» **What to do**
Give the lines again exactly as they appear, from the first line of the listing through the line containing "[花卉2501_04.jpg]", and omit every picture.

» **Dataset entries**
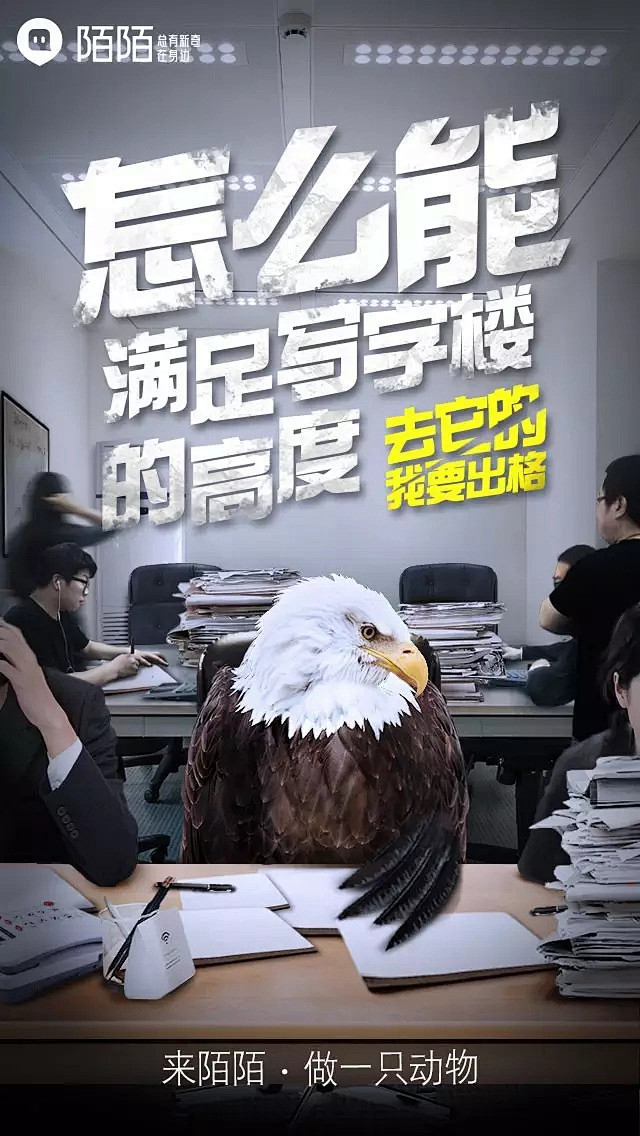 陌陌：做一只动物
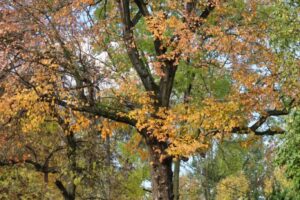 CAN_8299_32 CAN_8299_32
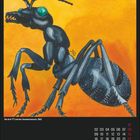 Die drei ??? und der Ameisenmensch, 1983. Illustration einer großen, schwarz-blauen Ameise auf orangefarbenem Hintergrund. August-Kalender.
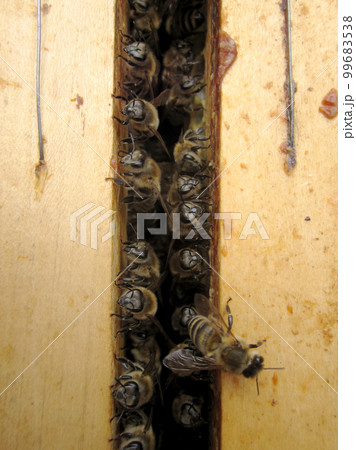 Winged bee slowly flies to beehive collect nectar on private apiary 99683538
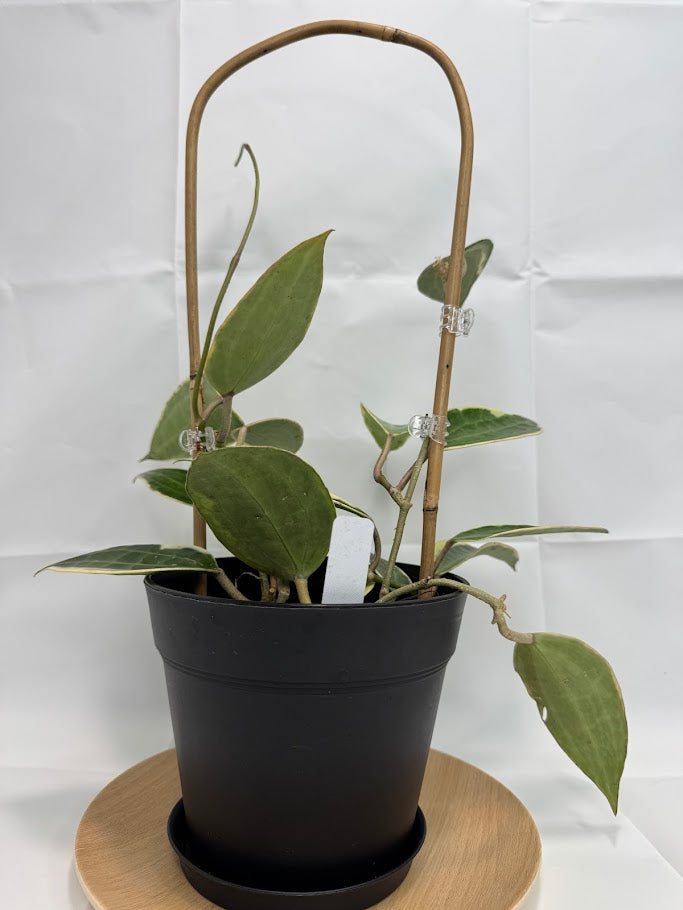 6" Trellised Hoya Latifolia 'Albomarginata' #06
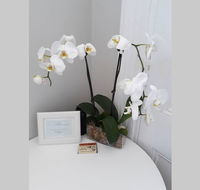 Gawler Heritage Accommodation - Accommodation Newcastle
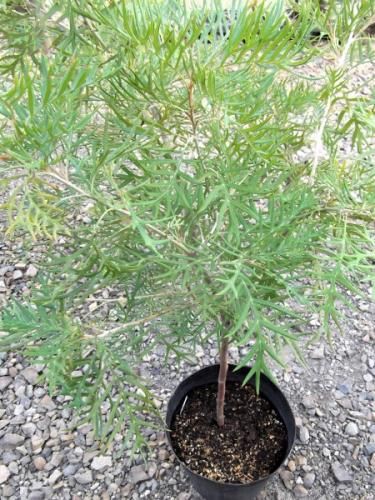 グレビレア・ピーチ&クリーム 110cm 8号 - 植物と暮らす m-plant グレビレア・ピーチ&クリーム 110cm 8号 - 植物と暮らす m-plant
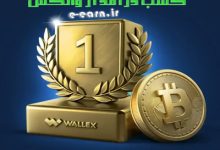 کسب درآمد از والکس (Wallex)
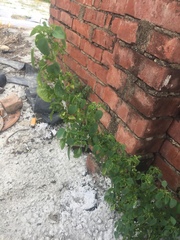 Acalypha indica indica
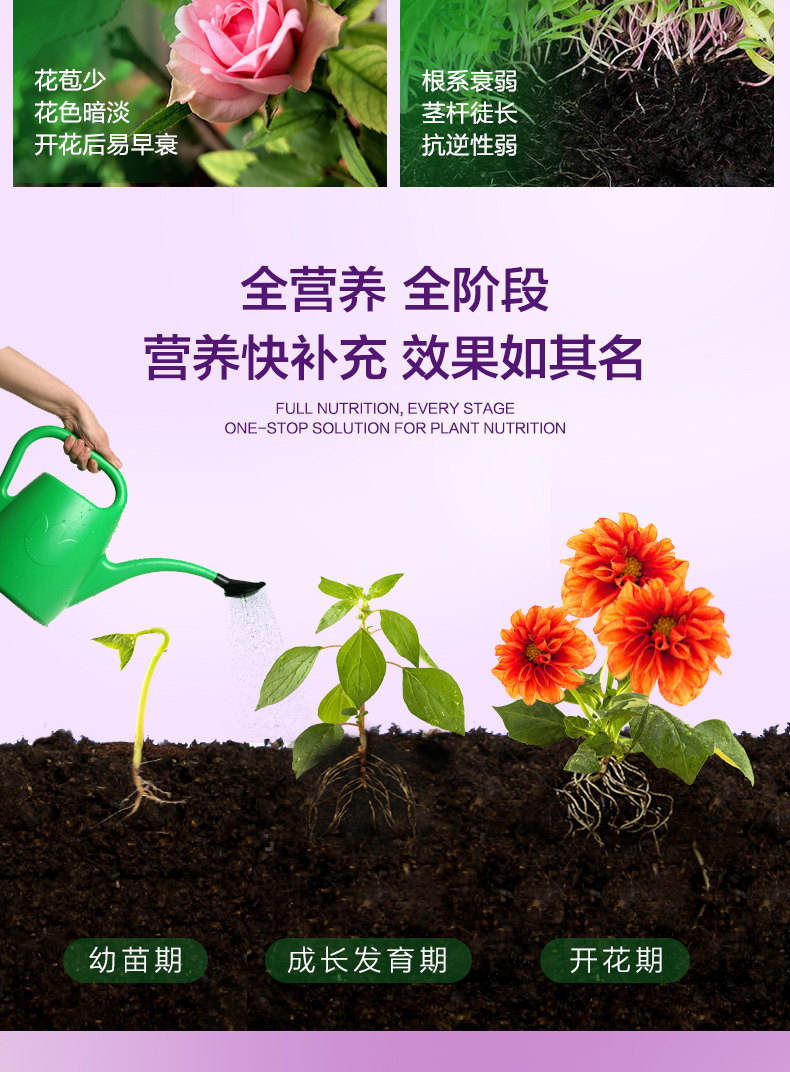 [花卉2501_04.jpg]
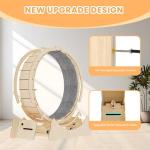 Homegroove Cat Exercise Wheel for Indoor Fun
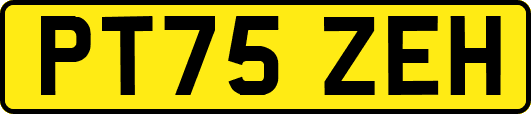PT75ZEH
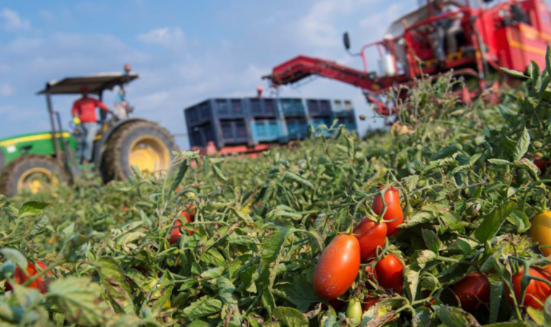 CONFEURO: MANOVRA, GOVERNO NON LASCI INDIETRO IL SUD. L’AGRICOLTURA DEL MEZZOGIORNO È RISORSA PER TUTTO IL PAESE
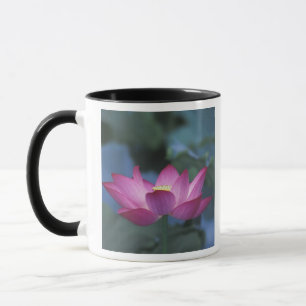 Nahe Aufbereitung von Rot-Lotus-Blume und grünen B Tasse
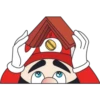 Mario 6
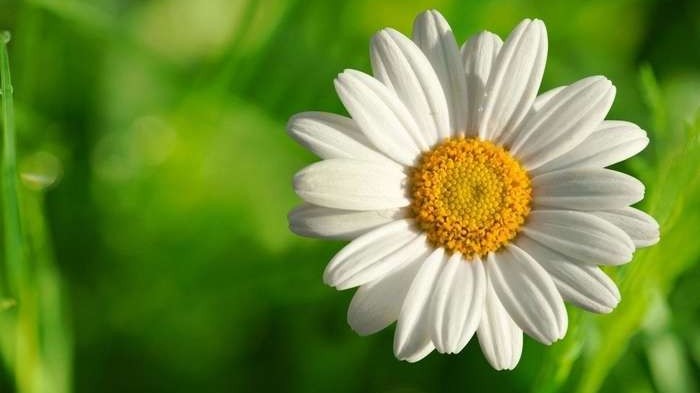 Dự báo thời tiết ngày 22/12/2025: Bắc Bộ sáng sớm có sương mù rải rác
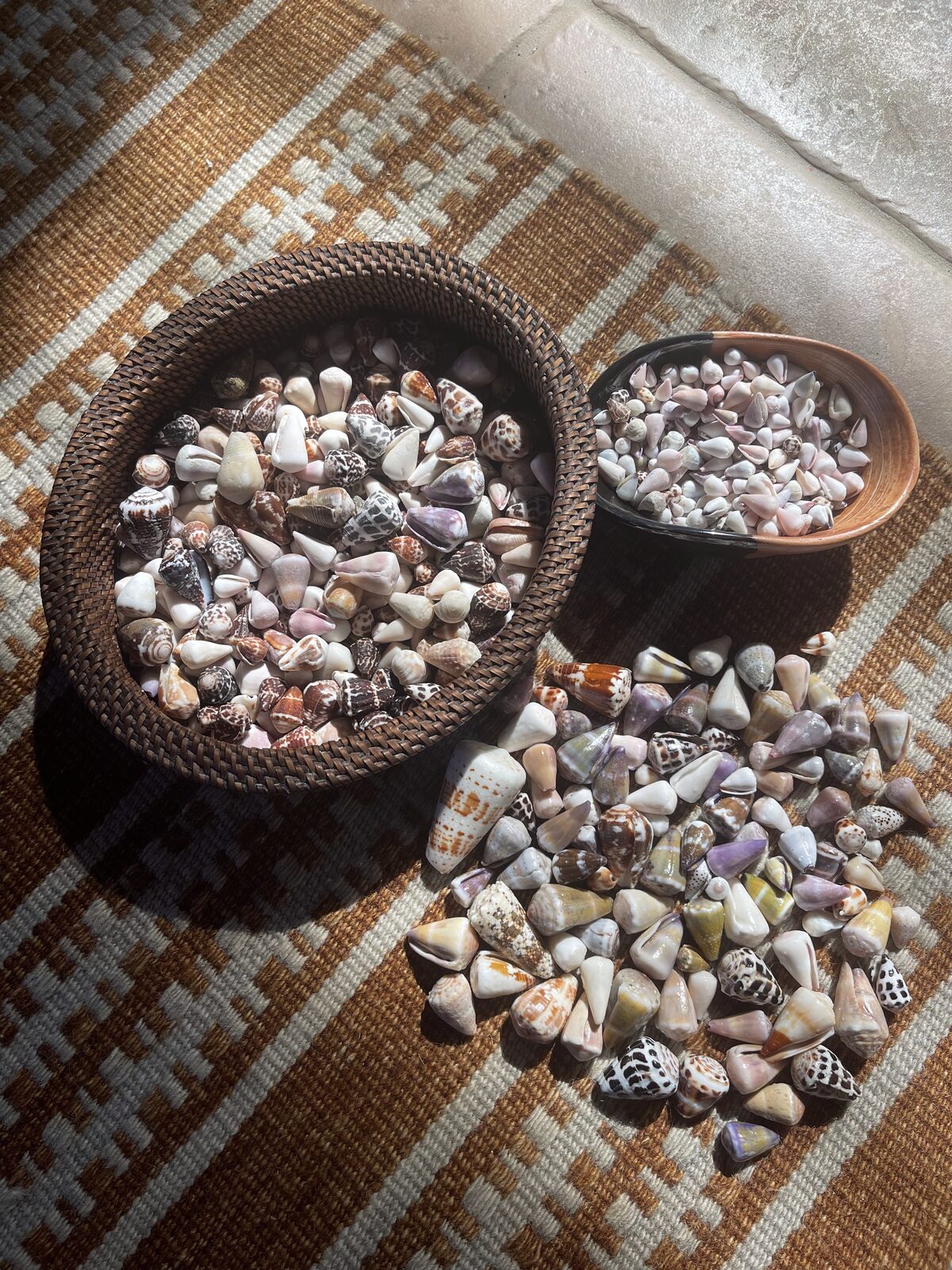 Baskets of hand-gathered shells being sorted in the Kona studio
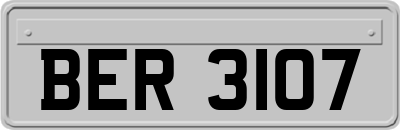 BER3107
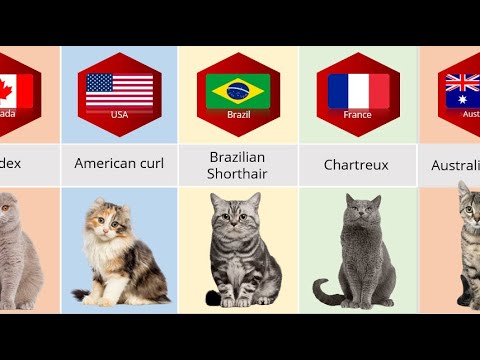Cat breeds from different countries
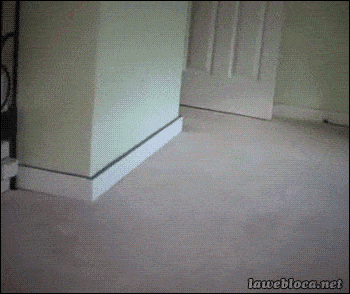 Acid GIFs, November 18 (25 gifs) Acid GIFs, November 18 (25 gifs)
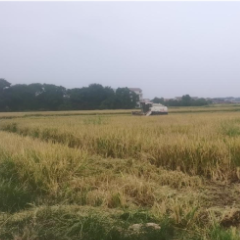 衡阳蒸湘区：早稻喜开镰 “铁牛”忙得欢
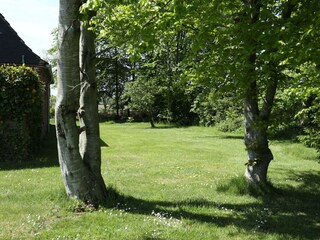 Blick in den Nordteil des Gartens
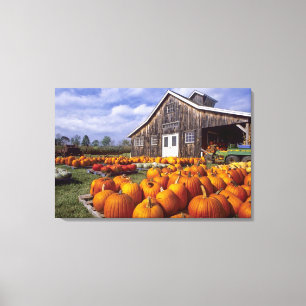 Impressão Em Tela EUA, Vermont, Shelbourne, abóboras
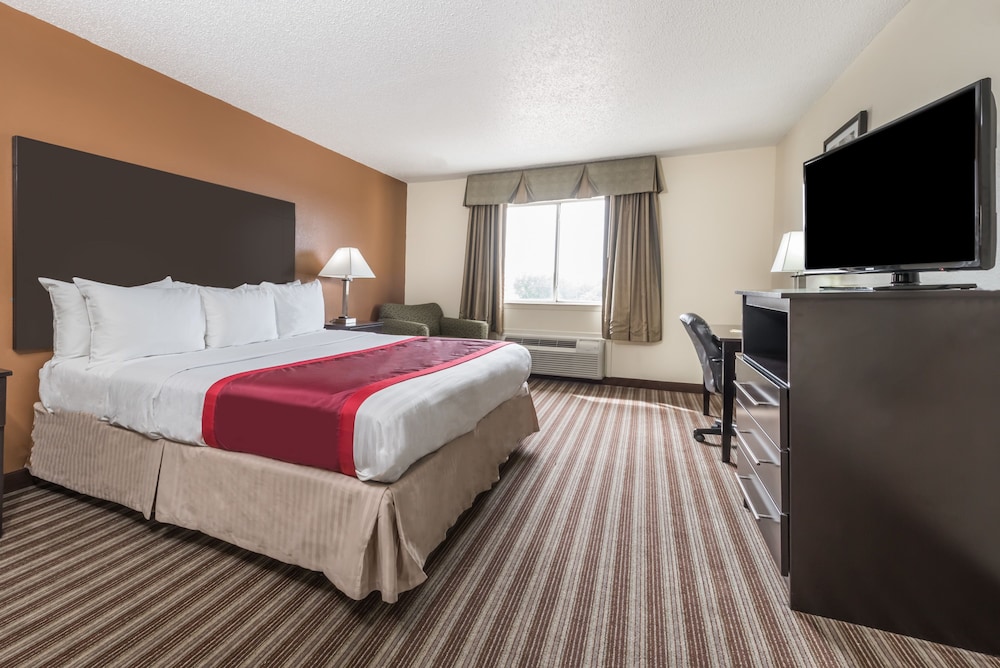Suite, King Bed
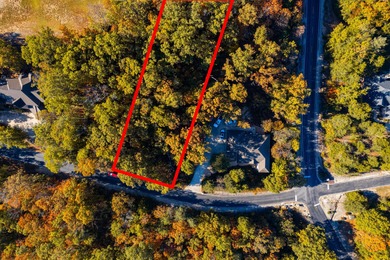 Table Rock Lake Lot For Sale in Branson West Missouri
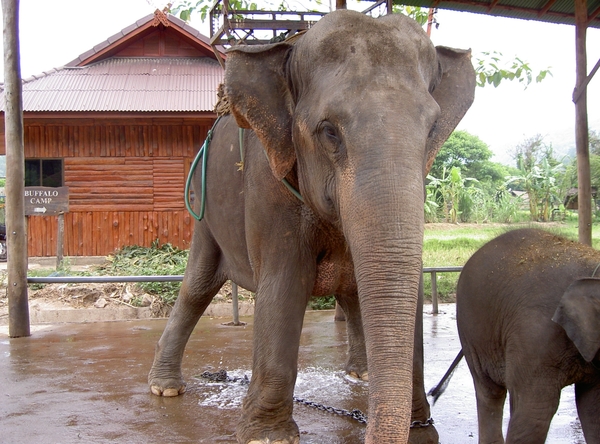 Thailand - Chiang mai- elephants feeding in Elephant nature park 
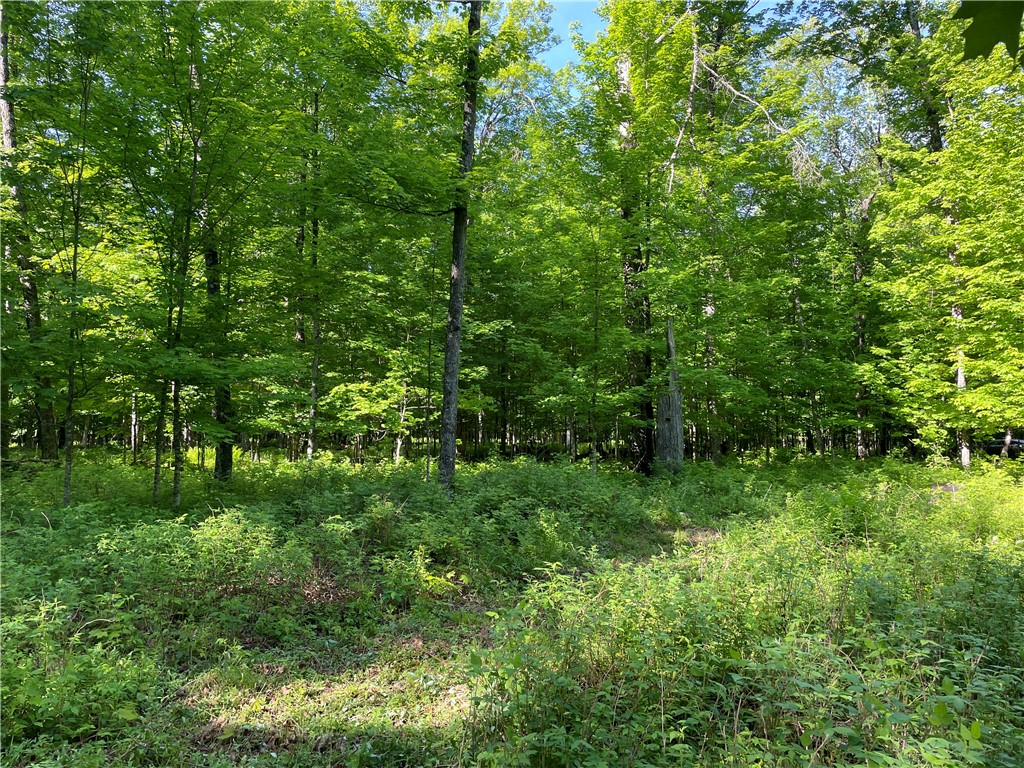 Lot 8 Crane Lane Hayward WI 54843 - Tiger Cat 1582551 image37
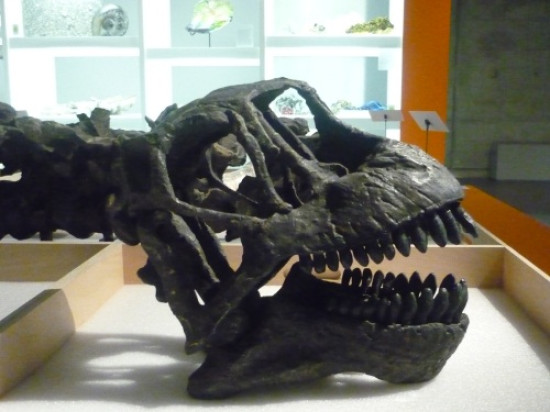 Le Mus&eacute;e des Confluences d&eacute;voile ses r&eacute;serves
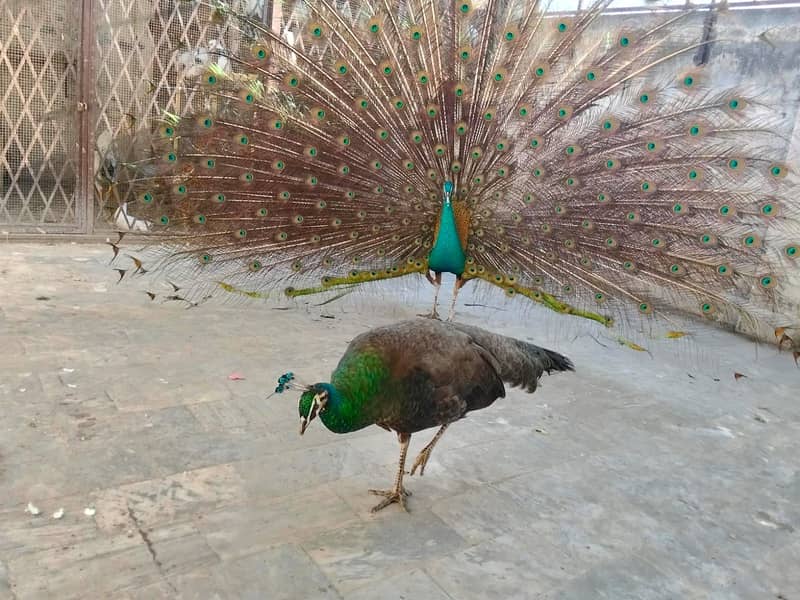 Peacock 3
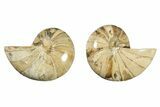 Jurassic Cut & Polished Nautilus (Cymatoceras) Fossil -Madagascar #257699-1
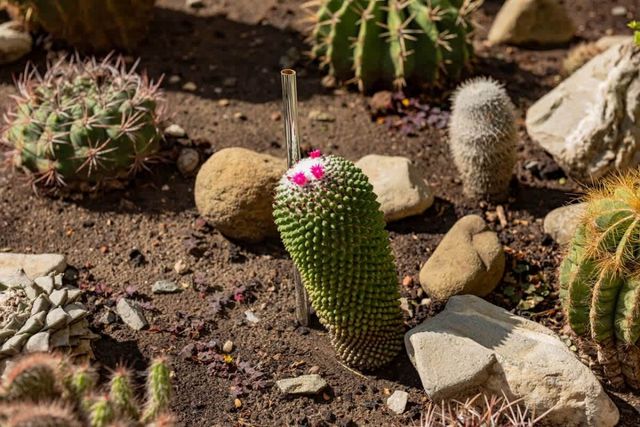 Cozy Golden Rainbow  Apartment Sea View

» **Answer**
 陌陌：做一只动物
 CAN_8299_32 CAN_8299_32
 Die drei ??? und der Ameisenmensch, 1983. Illustration einer großen, schwarz-blauen Ameise auf orangefarbenem Hintergrund. August-Kalender.
 Winged bee slowly flies to beehive collect nectar on private apiary 99683538
 6" Trellised Hoya Latifolia 'Albomarginata' #06
 Gawler Heritage Accommodation - Accommodation Newcastle
 グレビレア・ピーチ&クリーム 110cm 8号 - 植物と暮らす m-plant グレビレア・ピーチ&クリーム 110cm 8号 - 植物と暮らす m-plant
 کسب درآمد از والکس (Wallex)
 Acalypha indica indica
 [花卉2501_04.jpg]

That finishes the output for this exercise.